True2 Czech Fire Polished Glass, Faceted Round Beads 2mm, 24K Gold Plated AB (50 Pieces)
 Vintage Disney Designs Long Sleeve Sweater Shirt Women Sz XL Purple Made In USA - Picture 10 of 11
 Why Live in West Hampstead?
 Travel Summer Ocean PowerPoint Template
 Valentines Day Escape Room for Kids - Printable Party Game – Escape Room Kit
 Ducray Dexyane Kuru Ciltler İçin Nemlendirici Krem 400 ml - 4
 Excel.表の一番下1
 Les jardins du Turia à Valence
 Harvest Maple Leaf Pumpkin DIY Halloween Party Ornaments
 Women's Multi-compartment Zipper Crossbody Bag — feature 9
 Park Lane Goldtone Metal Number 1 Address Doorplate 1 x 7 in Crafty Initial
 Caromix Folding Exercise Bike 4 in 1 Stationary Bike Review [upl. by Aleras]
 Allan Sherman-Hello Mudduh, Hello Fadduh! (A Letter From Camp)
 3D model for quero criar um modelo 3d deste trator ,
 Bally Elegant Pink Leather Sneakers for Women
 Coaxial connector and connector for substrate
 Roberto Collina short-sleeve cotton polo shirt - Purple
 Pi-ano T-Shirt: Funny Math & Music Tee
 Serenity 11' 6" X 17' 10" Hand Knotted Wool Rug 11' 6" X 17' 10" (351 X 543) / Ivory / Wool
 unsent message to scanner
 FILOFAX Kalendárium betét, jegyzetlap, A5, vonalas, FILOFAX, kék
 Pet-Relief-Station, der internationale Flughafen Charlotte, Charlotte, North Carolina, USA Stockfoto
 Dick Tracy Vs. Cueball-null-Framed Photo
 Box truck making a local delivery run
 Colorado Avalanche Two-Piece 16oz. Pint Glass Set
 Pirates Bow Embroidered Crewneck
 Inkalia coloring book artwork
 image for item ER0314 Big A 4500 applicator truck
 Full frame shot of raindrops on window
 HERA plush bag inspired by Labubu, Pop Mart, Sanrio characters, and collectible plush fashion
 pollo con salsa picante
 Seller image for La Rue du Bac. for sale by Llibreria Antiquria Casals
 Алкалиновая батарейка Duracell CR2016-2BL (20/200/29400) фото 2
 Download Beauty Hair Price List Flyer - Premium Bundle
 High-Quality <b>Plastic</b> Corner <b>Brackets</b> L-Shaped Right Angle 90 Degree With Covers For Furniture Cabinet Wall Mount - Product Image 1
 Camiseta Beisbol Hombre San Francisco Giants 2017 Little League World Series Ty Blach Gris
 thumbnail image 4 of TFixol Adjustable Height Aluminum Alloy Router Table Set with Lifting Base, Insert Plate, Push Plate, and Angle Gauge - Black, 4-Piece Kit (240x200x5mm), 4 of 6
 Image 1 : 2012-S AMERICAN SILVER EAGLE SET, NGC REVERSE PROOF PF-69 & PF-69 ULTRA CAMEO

---*---

= How to complete this task =
The required output is the whole listing, printed again exactly.

= Answer to this problem =
True2 Czech Fire Polished Glass, Faceted Round Beads 2mm, 24K Gold Plated AB (50 Pieces)
 Vintage Disney Designs Long Sleeve Sweater Shirt Women Sz XL Purple Made In USA - Picture 10 of 11
 Why Live in West Hampstead?
 Travel Summer Ocean PowerPoint Template
 Valentines Day Escape Room for Kids - Printable Party Game – Escape Room Kit
 Ducray Dexyane Kuru Ciltler İçin Nemlendirici Krem 400 ml - 4
 Excel.表の一番下1
 Les jardins du Turia à Valence
 Harvest Maple Leaf Pumpkin DIY Halloween Party Ornaments
 Women's Multi-compartment Zipper Crossbody Bag — feature 9
 Park Lane Goldtone Metal Number 1 Address Doorplate 1 x 7 in Crafty Initial
 Caromix Folding Exercise Bike 4 in 1 Stationary Bike Review [upl. by Aleras]
 Allan Sherman-Hello Mudduh, Hello Fadduh! (A Letter From Camp)
 3D model for quero criar um modelo 3d deste trator ,
 Bally Elegant Pink Leather Sneakers for Women
 Coaxial connector and connector for substrate
 Roberto Collina short-sleeve cotton polo shirt - Purple
 Pi-ano T-Shirt: Funny Math & Music Tee
 Serenity 11' 6" X 17' 10" Hand Knotted Wool Rug 11' 6" X 17' 10" (351 X 543) / Ivory / Wool
 unsent message to scanner
 FILOFAX Kalendárium betét, jegyzetlap, A5, vonalas, FILOFAX, kék
 Pet-Relief-Station, der internationale Flughafen Charlotte, Charlotte, North Carolina, USA Stockfoto
 Dick Tracy Vs. Cueball-null-Framed Photo
 Box truck making a local delivery run
 Colorado Avalanche Two-Piece 16oz. Pint Glass Set
 Pirates Bow Embroidered Crewneck
 Inkalia coloring book artwork
 image for item ER0314 Big A 4500 applicator truck
 Full frame shot of raindrops on window
 HERA plush bag inspired by Labubu, Pop Mart, Sanrio characters, and collectible plush fashion
 pollo con salsa picante
 Seller image for La Rue du Bac. for sale by Llibreria Antiquria Casals
 Алкалиновая батарейка Duracell CR2016-2BL (20/200/29400) фото 2
 Download Beauty Hair Price List Flyer - Premium Bundle
 High-Quality <b>Plastic</b> Corner <b>Brackets</b> L-Shaped Right Angle 90 Degree With Covers For Furniture Cabinet Wall Mount - Product Image 1
 Camiseta Beisbol Hombre San Francisco Giants 2017 Little League World Series Ty Blach Gris
 thumbnail image 4 of TFixol Adjustable Height Aluminum Alloy Router Table Set with Lifting Base, Insert Plate, Push Plate, and Angle Gauge - Black, 4-Piece Kit (240x200x5mm), 4 of 6
 Image 1 : 2012-S AMERICAN SILVER EAGLE SET, NGC REVERSE PROOF PF-69 & PF-69 ULTRA CAMEO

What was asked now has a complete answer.